Danielle wasn’t sure how to turn her interest in both Engineering and Law into a career. Through the flexibility of her University of Sydney degrees, she’s now carving her own path as a leader in impactful technology.
Danielle Haj-Moussa's earliest memories are of helping her father, an electrician, in the garage of their south-west Sydney home.
“I would play with zip ties and wires – and was fixing printers and phones when I was eight,” Danielle says. “I was also known in my family for heated discussions about politics.”
Danielle knew that she wanted to study areas that somehow touched both of her childhood passions. She had also seen her uncle’s graduation photos at the University of Sydney and how happy her grandparents were and thought ‘Wow, I want to go there too’.”
“I’m glad I had the courage to apply,” Danielle says. “I tell younger people now, ‘Just apply. You have a lot more potential and experience than you realise’.”
Danielle found she enjoyed activating two different ways of thinking. “I love switching contexts, from building a robot to dissecting legal judgments – that's how I thrive.
“But Engineering and Law are so different, I would ask myself how they could intersect.
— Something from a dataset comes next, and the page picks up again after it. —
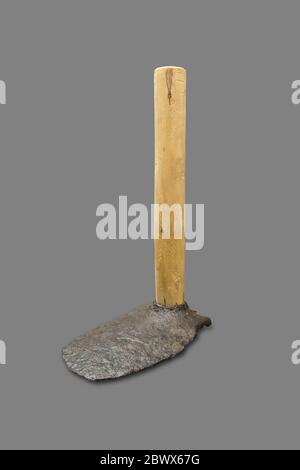 Montilla, Spain - March 2nd, 2019: Roman hoe. Agricultural iron tool with replica wooden handle and original narrow head. Isolated. Montilla Local His Stock Photo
I was confused because typically when you study a degree, you think there’ll be a clear pathway.”
“These opportunities helped me to figure out different career pathways that were available and what I enjoyed doing most. For example, my technical engineering internships taught me that I like bigger picture, high-level problem-solving.”
For Danielle, the turning point came at the end of third year, when she met students who shared her interests. They decided to launch their own non-profit, Tech for Social Good, with the aim of empowering the next generation of tech leaders.
“We started a community passionate about the intersection between social impact and technology and we created events and opportunities for students who shared the same passion as us and were asking the same questions,” she says.
Now, Danielle is a leader in impact-driven technology, helping bring to life innovations that leverage technology for positive societal change. She works as an analyst at venture capital firm, Main Sequence, with a focus on commercialising deep-tech research – while finishing her Law degree and running Tech for Social Good. She has also recently attended LawWithoutWalls in Switzerland, sponsored by law firm, Corrs Chambers Westgarth, with a Law School travel grant.
“It was a difficult decision, not to take a traditional career pathway,” she says. “But I wanted my career to reflect what I enjoy and to create impact through everything I do.
“I'd like to do my part to ensure that Australia’s transition to a tech-driven economy is inclusive – and that areas like south-west Sydney where I grew up, rural and Indigenous communities, are part of that change”.